#### ACTIVITY:
All of the records below must be output exactly, with no pictures carried over.

• • •

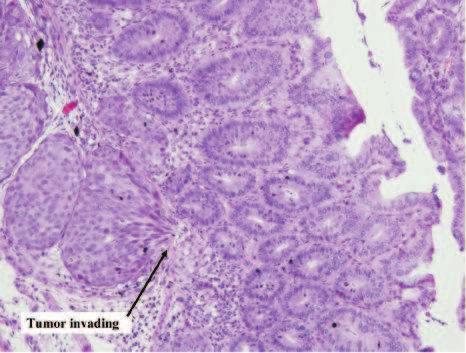 HCT116 Colorectal cancer Derived from adult male Commonly used to study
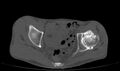 Avascular necrosis of the left hip (Radiopaedia 75068-86125 Axial bone window 28).jpg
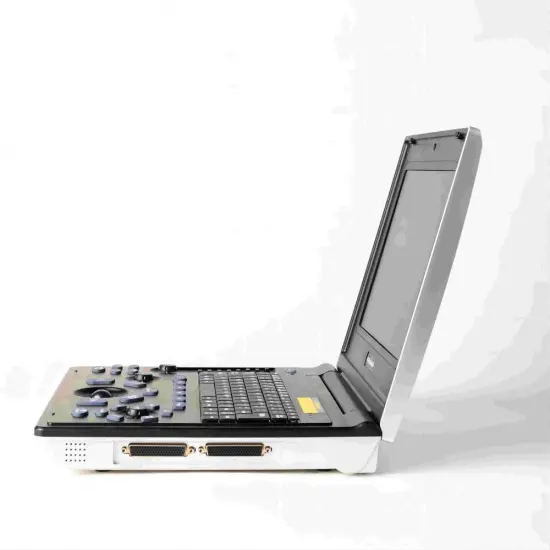 Female gallstones ultrasound diagnosis instrument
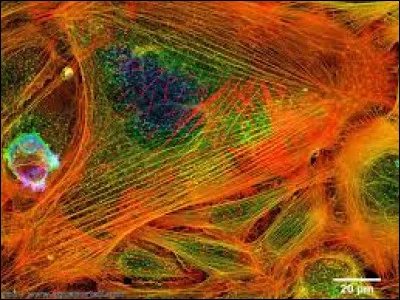 À propos des microfilaments d'actine :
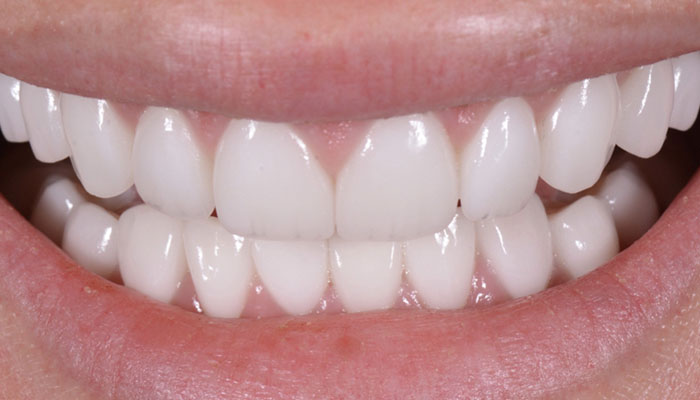 Dental Implants 5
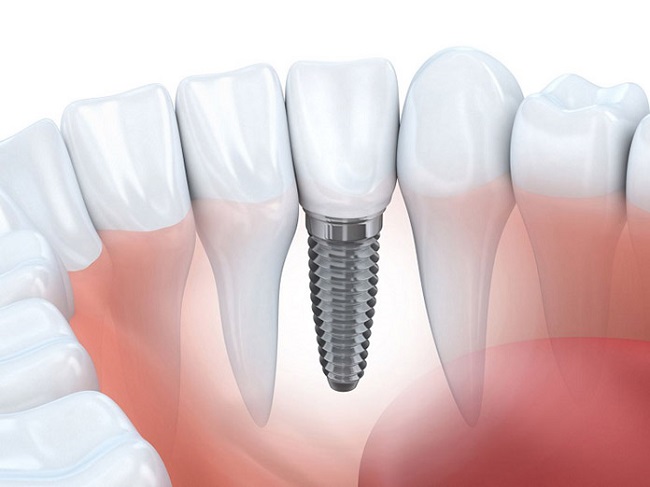 Top 12 địa chỉ trồng răng implant tại TPHCM tốt nhất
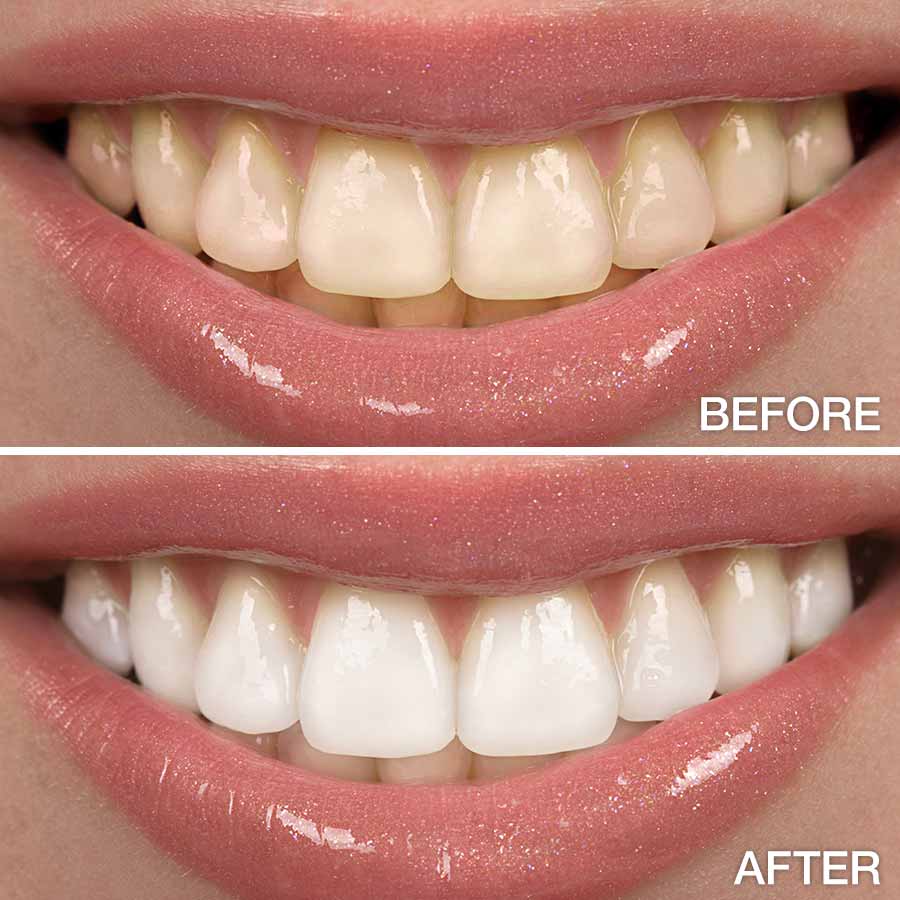 Why teeth whitening is needed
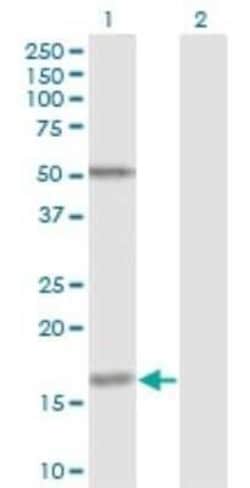 Fucosyltransferase 2/FUT2 Antibody (4C12), Novus Biologicals 0.1 mg; Unconjugated:Antibodies,
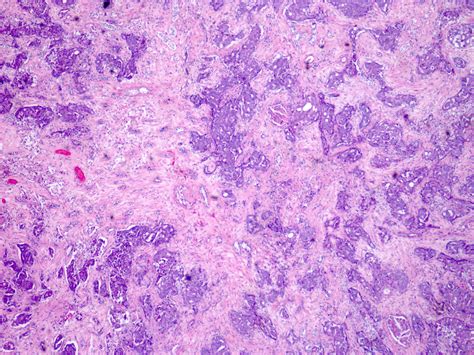 Renal Medulla Histology
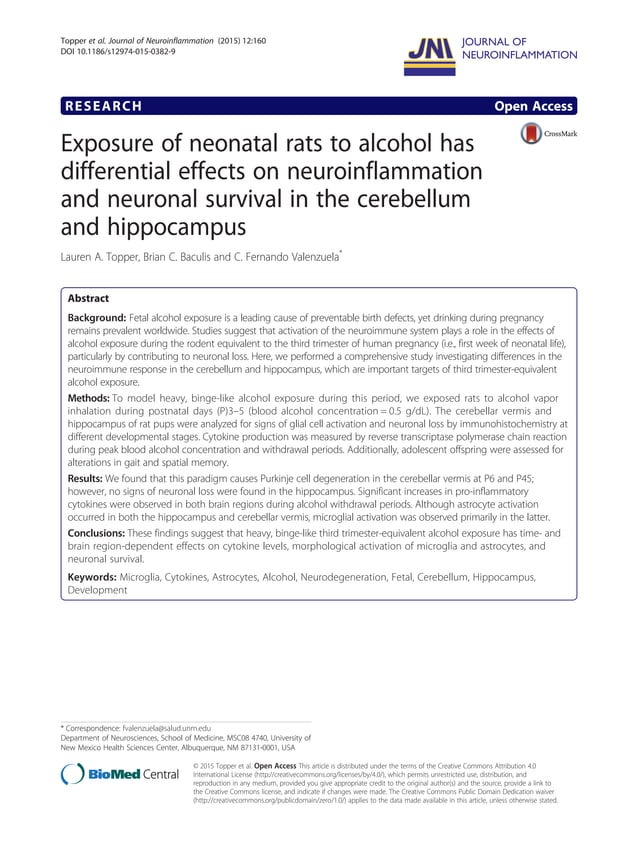 Exposure of neonatal rats to alcohol has differential effects on
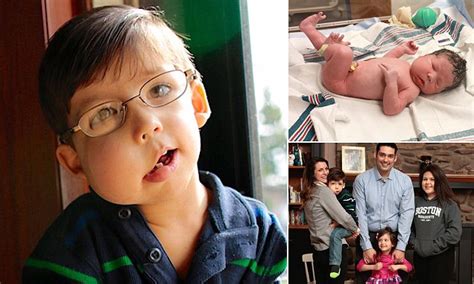 New York boy born with severe genetic mutation is thriving | Daily Mail Online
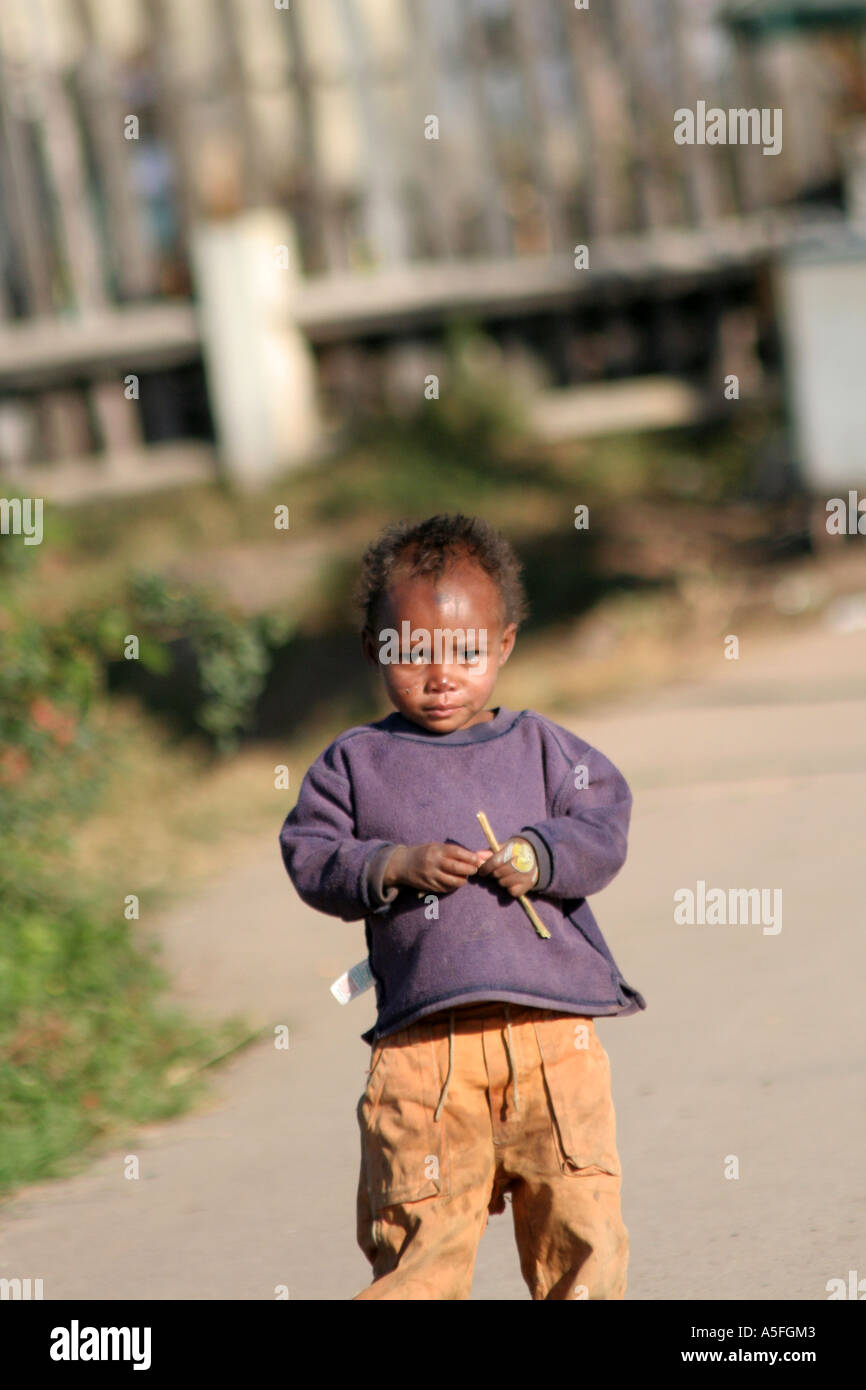 Young Boy in Antananarivo, Madagascar Stock Photo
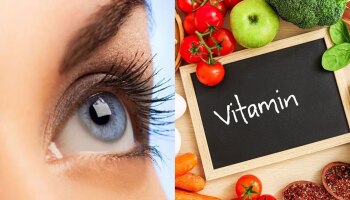 Vitamin Deficiency: ಈ ವಿಟಮಿನ್ ಕೊರತೆ ಕಣ್ಣಿನ ದೃಷ್ಟಿ ದೋಷಕ್ಕೆ ಕಾರಣ 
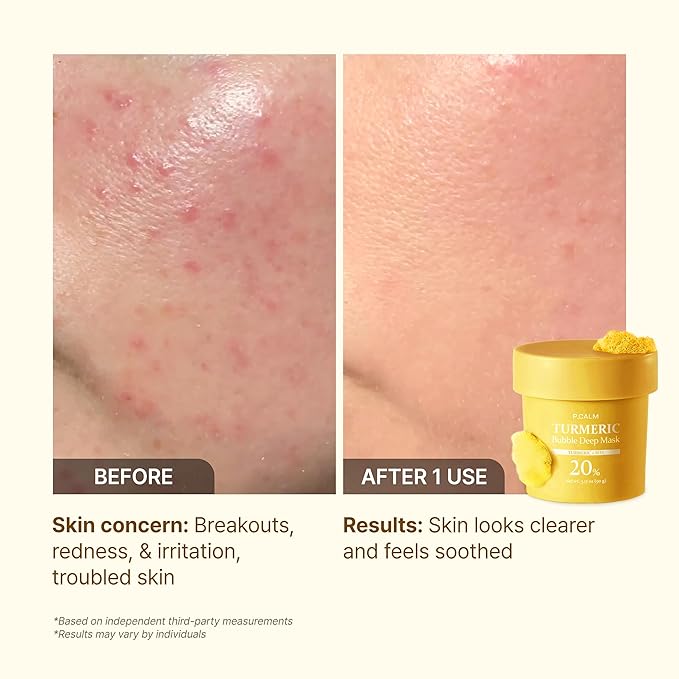 P.CALM Turmeric Bubble Deep Mask | Dark Spot Corrector with AHA/BHA, Carbonated Water Soothes Redness & Evens Skin Tone, Clay Wash-Off Pack | Korean Skincare, 90g / 3.17 oz
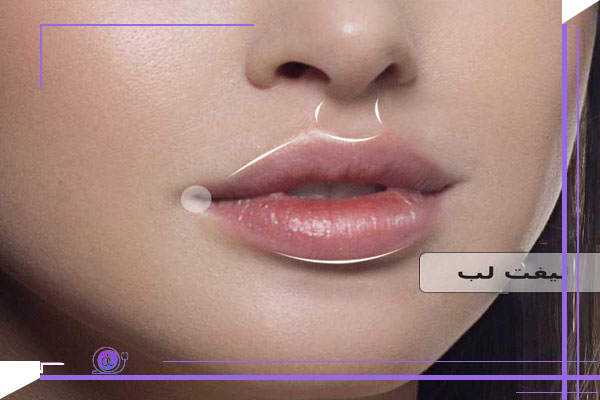 مقایسه سانترال لب و فیلر لب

• • •

#### WRITTEN ANSWER:
 HCT116 Colorectal cancer Derived from adult male Commonly used to study
 Avascular necrosis of the left hip (Radiopaedia 75068-86125 Axial bone window 28).jpg
 Female gallstones ultrasound diagnosis instrument
 À propos des microfilaments d'actine :
 Dental Implants 5
 Top 12 địa chỉ trồng răng implant tại TPHCM tốt nhất
 Why teeth whitening is needed
 Fucosyltransferase 2/FUT2 Antibody (4C12), Novus Biologicals 0.1 mg; Unconjugated:Antibodies,
 Renal Medulla Histology
 Exposure of neonatal rats to alcohol has differential effects on
 New York boy born with severe genetic mutation is thriving | Daily Mail Online
 Young Boy in Antananarivo, Madagascar Stock Photo
 Vitamin Deficiency: ಈ ವಿಟಮಿನ್ ಕೊರತೆ ಕಣ್ಣಿನ ದೃಷ್ಟಿ ದೋಷಕ್ಕೆ ಕಾರಣ 
 P.CALM Turmeric Bubble Deep Mask | Dark Spot Corrector with AHA/BHA, Carbonated Water Soothes Redness & Evens Skin Tone, Clay Wash-Off Pack | Korean Skincare, 90g / 3.17 oz
 مقایسه سانترال لب و فیلر لب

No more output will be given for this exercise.